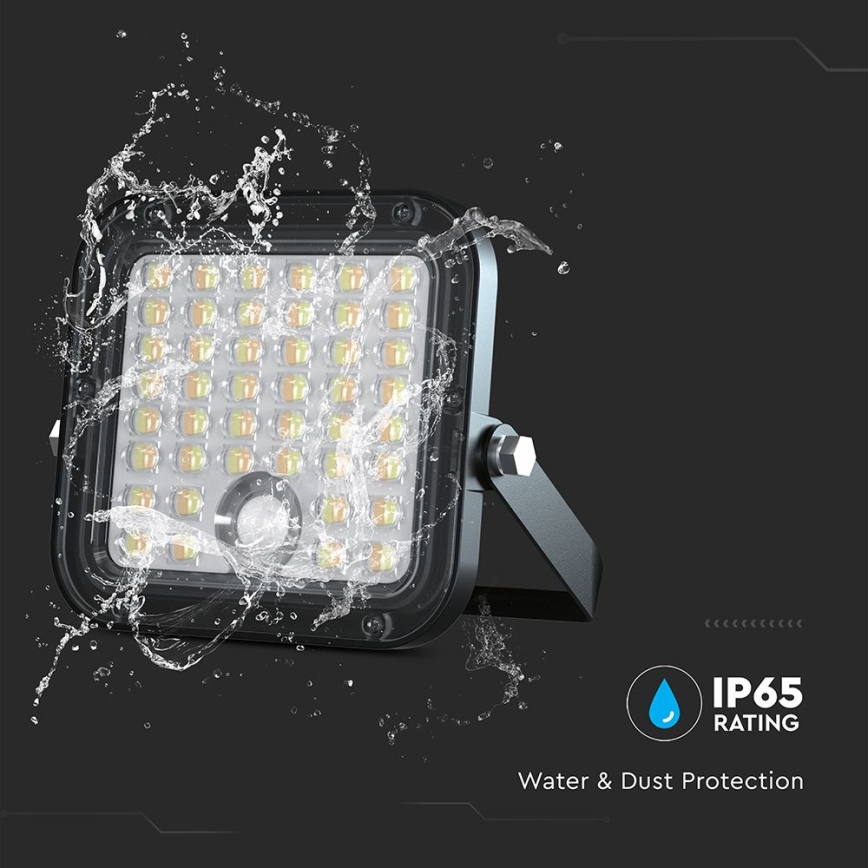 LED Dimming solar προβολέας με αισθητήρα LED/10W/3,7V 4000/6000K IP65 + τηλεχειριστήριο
* * *
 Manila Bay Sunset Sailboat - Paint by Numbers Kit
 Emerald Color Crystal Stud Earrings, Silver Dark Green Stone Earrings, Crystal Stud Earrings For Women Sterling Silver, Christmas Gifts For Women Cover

● **Work item**:
From the listing above, output exactly the run of lines that starts with the line containing "Manila Bay Sunset" and ends with the line containing "Emerald Color Crystal".

● **Expected answer**:
 Manila Bay Sunset Sailboat - Paint by Numbers Kit
 Emerald Color Crystal Stud Earrings, Silver Dark Green Stone Earrings, Crystal Stud Earrings For Women Sterling Silver, Christmas Gifts For Women Cover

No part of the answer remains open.